Nano Chat: Complete Small Language Model Pipeline
Nano Chat provides a complete small language model pipeline from tokenization to deployment.
Nano Chat: Building a Small Language Model End-to-End - Tokenizer to Deployment
Educational open-source project by Andrej Karpathy (former OpenAI co-founder, Tesla AI Director) demonstrating how to build a ChatGPT-class model from scratch. Covers the complete pipeline: custom BPE tokenizer training, transformer pretraining, alignment, and chat UI deployment.
Pipeline: Stage 1 - BPE tokenizer from scratch (corpus collection, byte conversion, frequent pair merging, vocabulary construction). Stage 2 - Standard transformer decoder pretrained on clean web text with AdamW, LR scheduling, gradient accumulation. Stage 3 - Instruction tuning on conversational data for dialogue capability.
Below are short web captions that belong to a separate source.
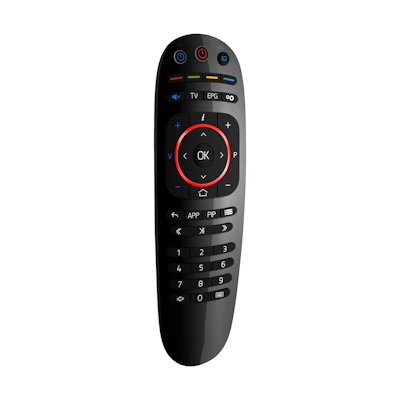 MAG Original Premium Remote Control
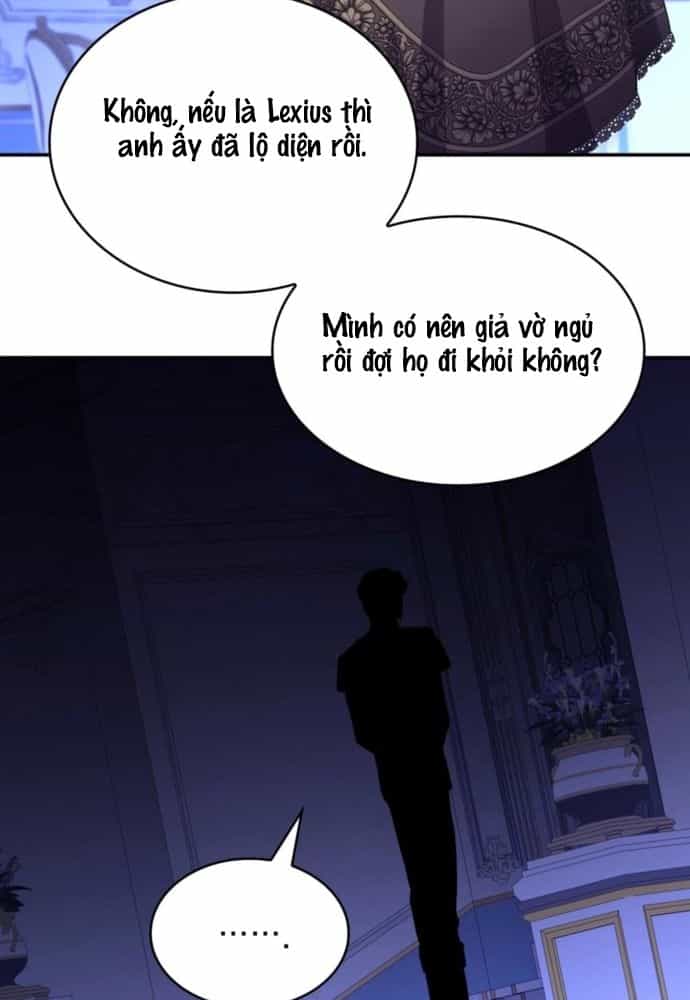 Trò Chơi Tình Ái - Chương 43 - ảnh 40
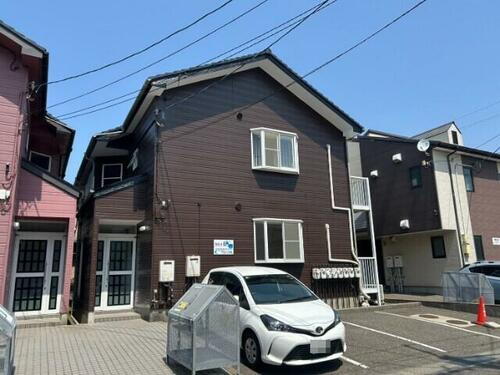 クレセントナチュレ 2階建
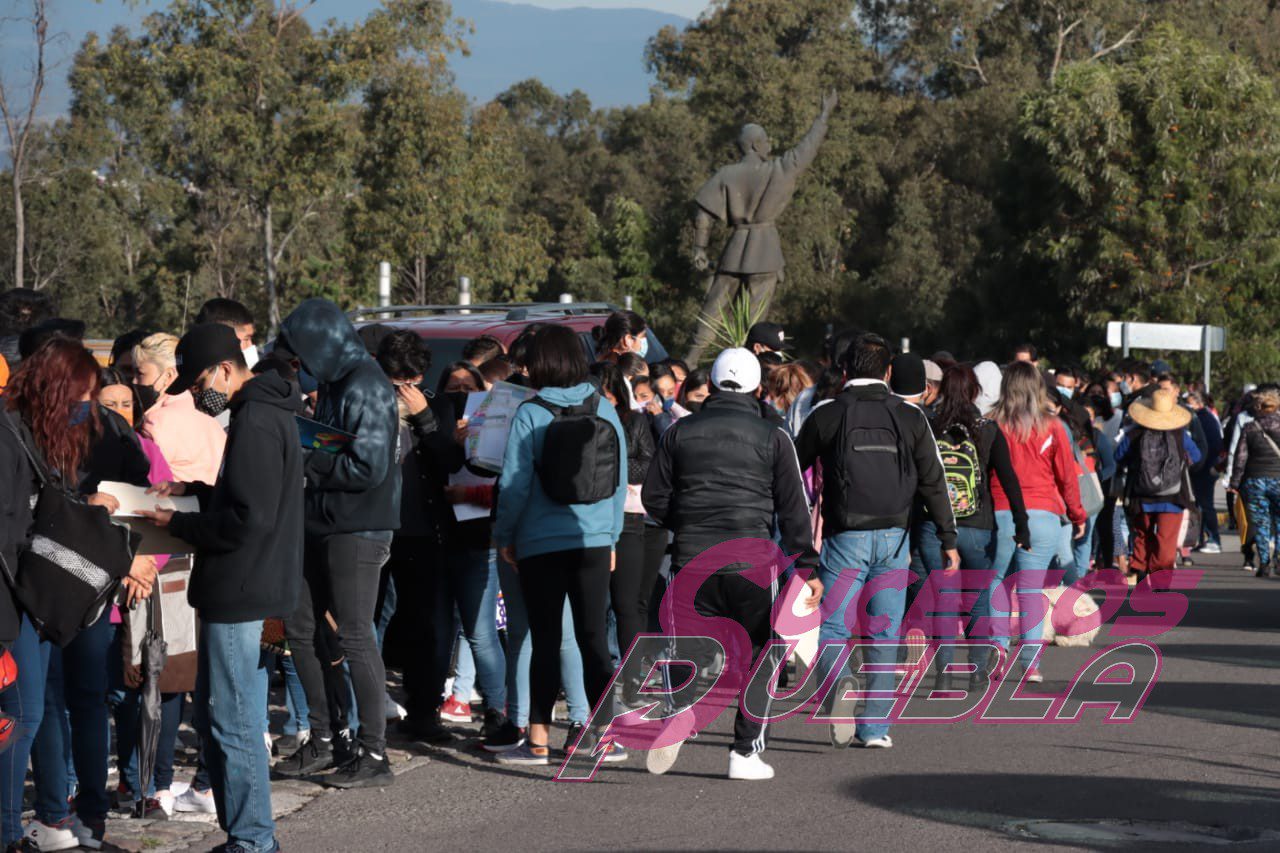 Completarán esquema de vacunación capitalinos y habitantes de 18 municipios más
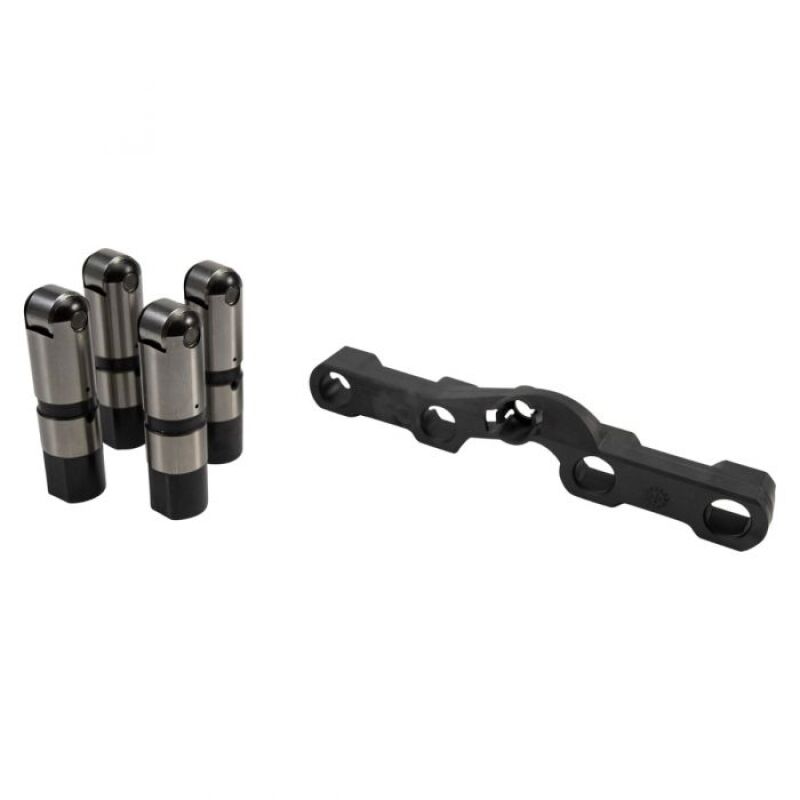 COMP Cams Dodge Gen III HEMI 5.7L/6.1L/6.2L/6.4L Evo OE No Link Bar Hyd. Roller Lifters w/ Yokes-thumbmail-2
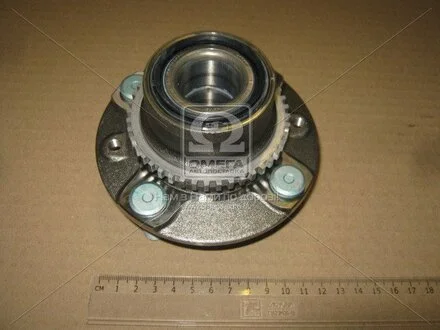 Ступень MAZDA 121/Demio DW3W, DW5W Задн ABS (выр-во япония) KOYO 2DACF028G1R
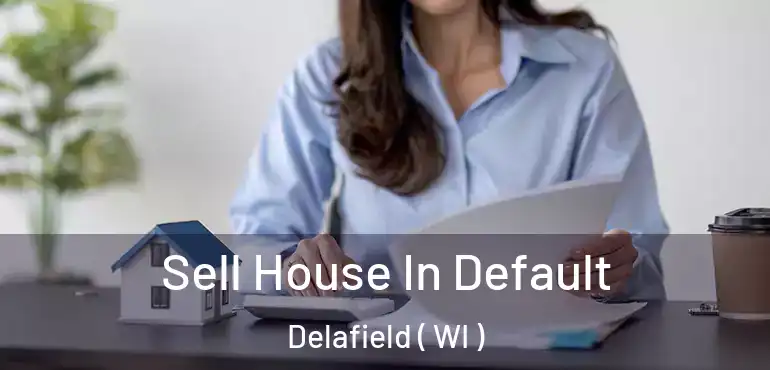  Sell House In Default Delafield ( WI )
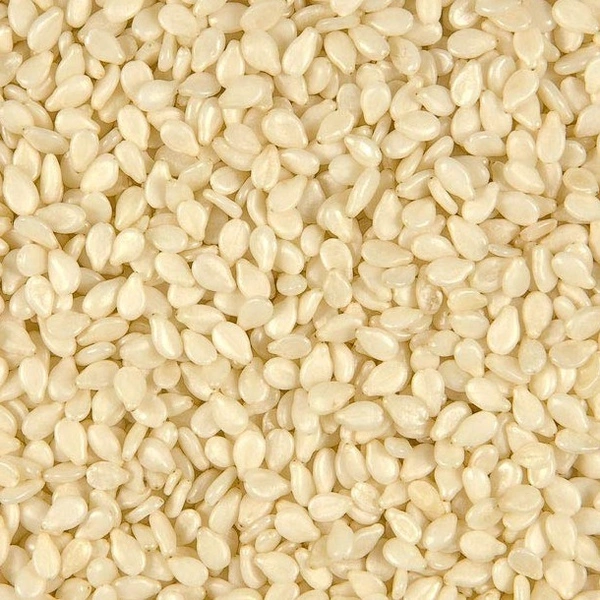 Sesame Seeds 1kg - 1 kg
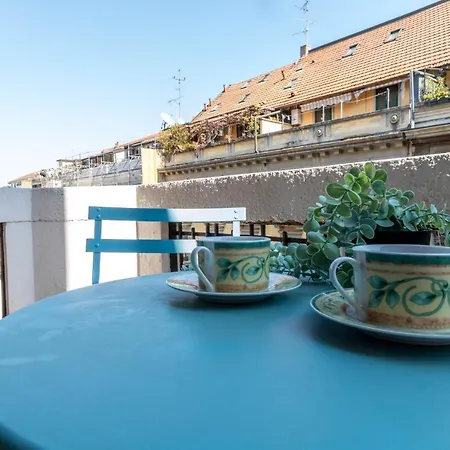 Joivy Lovely Flat For 2 On Quiet Street Near Centre Апартаменты
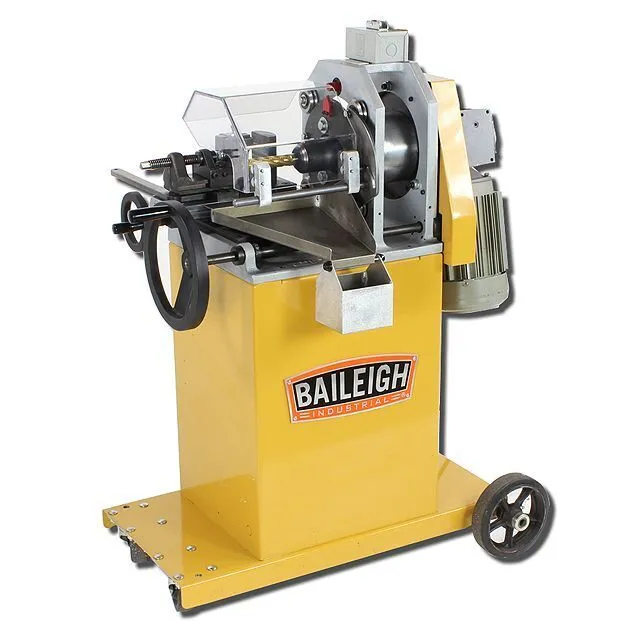 NEW BAILEIGH TN-800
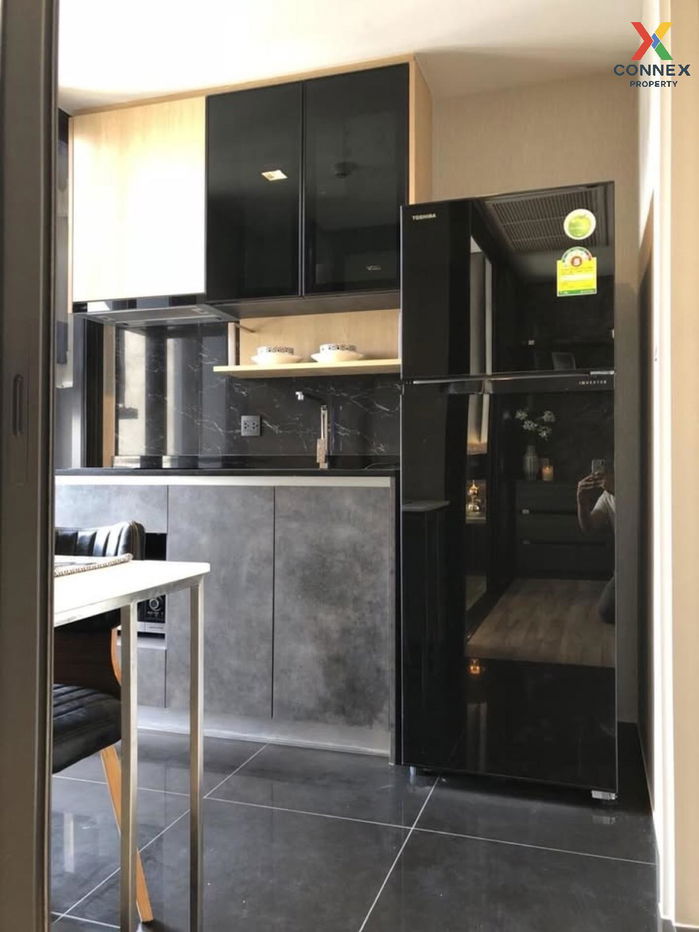 picture For Rent Condo , The Line Jatujak - Mochit , BTS-Mo Chit , Chomphon , Chatuchak , Bangkok , CX-126185 ✅ Live chat with us ADD LINE @connexproperty ✅  - 3/6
Stage 4 - Web UI with local inference, quantization, KV cache management.
The 561M version trains for ~$100 on 8xH100. Inference runs on consumer GPUs or even CPUs.
Educational value: Demystifies LLMs from black box to white box for researchers, engineers, students, and enterprises.
Reflects the 2026 SLM renaissance: many tasks need only 0.5-2B parameters with benefits of lower latency, edge device compatibility, data privacy, and fast iteration.
Nano Chat is a blueprint, not a product - proving conversational AI requires deep understanding of fundamentals and sound engineering practice, not mysterious black magic or astronomical budgets.